One advantage of base two is the meaning we can intuitively grasp in a given bit of information. Before going into equations, a with the hands explanation : $1$ bit of information splits the space of possibilities in half, $2$ bits in four, $3$ in eight, and so on.
E.g. Consider a coin toss, unbiased. The side it lands on is either one of two possibilities, with equal probability. We model it as the random variable $X$ with uniform discrete probability distribution.
$$P(X=\text{head}) = P(X=\text{tail}) = 1/2$$
Once we observe the final outcome, we gain information based on which side it landed on. We went from a space of possibles outcomes of dimension 2 to a unique outcome. We reduced the space size by a factor two (from $2$ to $1$), which is the same thing as saying we gained $I =1$ bit of information.
The example can be too trivial to really get the concept, so consider 2 tosses of the same coin. We now have 4 possibles outcomes, represented by the values that can take the random variable $Y$.

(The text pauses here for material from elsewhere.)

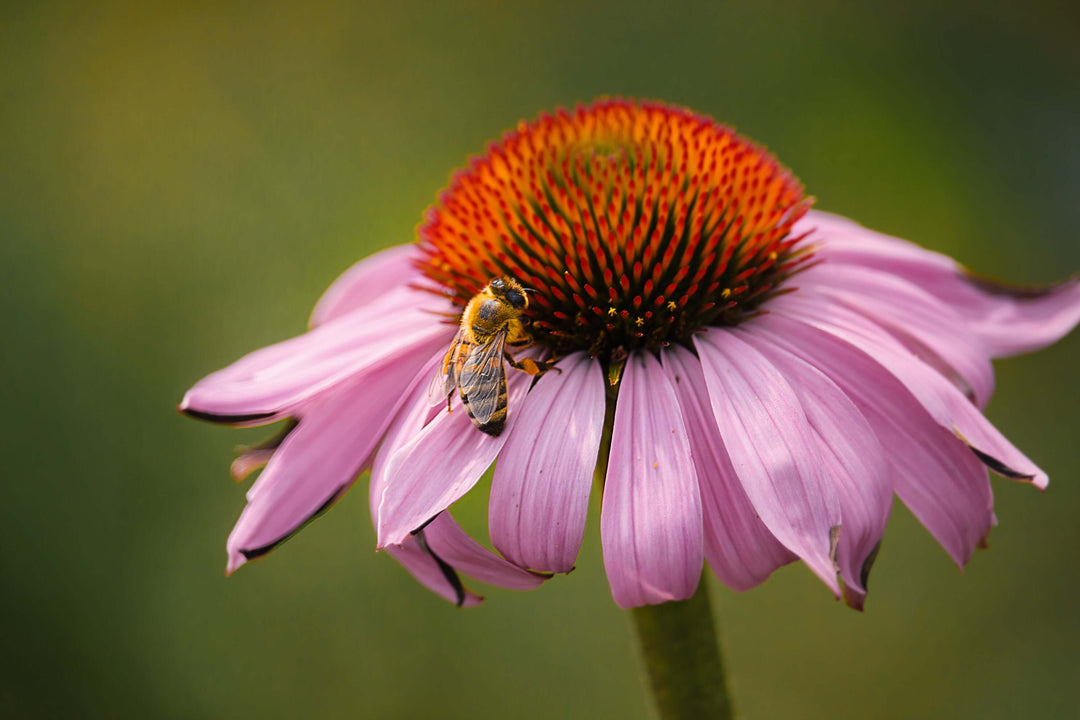 Truly Charmed: The Special Meaning of Bees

$$ \begin{aligned} P(Y=\text{[H, H]}) = 1/4\cr P(Y=\text{[H, T]}) = 1/4\cr P(Y=\text{[T, H]}) = 1/4\cr P(Y=\text{[T, T]}) = 1/4\cr \end{aligned} $$
We are starting here with a possible outcome space of dimension 4. Once we toss the first coin, as in the first example, we will gain 1 bit of information, splitting the outcome space in two.

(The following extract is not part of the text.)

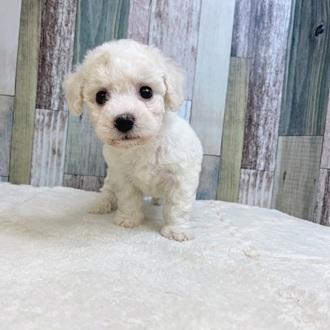 静岡県のビションフリーゼ (犬の家＆猫の里マークイズ静岡店/2025年6月9日生まれ/女の子/ホワイト)の子犬の2枚目の画像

Then, the second toss will also split the space in two, leading to a single outcome.
You see, information is additive when events are independent. Flipping the coin two times gave us in total $I = 2$ bits of information from the original possibility space.
This can be nicely described with this equation, where one more bit of $I$ splits $p$ in half. $$\left(\frac{1}{2}\right)^I=p$$
By rearranging, we deduce the expression of $I$ in function of $p$, the outcome space splitting factor (or probability of that event). $$I = -\log_2(p)$$ That's the definition of Shannon's Information.
Entropy
We will also need the Information Theory definition of entropy. Here, entropy measures the uncertainty of a given random variable.
If we take our r.v. $Y$ that outcomes the result of two consecutive tosses, we feel that there is more uncertainty in it than, say, $X$. That's because we expect more information coming from $Y$ than $X$ in average. Entropy measures it as the expected information for a given random variable.
Over the possible outcomes indexed by $i$ of probability $p_i$, the entropy $H$ is the expectation of the informations $I(p_i)$.
$$H = \sum_i p_i I(p) = -\sum_i p_i \log_2(p_i)$$ Let's compute the entropy of our previous variables $X$ and $Y$.
$$ \begin{aligned} H(Y) &= 4 \frac{1}{4} \log_2(4) = 2 \text{ bits}\cr H(X) &= 2 \frac{1}{2} \log_2(2) = 1 \text{ bit}\cr \end{aligned} $$ You probably saw that entropy for uniform distribution seems overly complicated for what is is. Well, that's because the uniform distribution is a special case, it maximizes this function. You can't have a distribution probability with $N$ outcomes with greater entropy than the uniform distribution. It's a fundamental limit, and leaded to the well known Shannon's source coding theorem.
A thing worth noting is that entropy indicates how many Yes/No questions (that split the possibilities in 2) we should ask in order to identity on particular outcome.
Ok, enough of theory, game time.
Who's who?
Setting up
Who's who has $20$ different characters, with shared attributes likes glasses, hair colors, etc... The goal is to be the first to find the other player character by asking yes/no question about it.
E.g. "Are you a girl ?"
E.g. "Do you have a magnificent mustache ?"
We won't play the actual game, because I'm not bored enough to extract each characteristics of the copyrighted game, but we will play a similar game.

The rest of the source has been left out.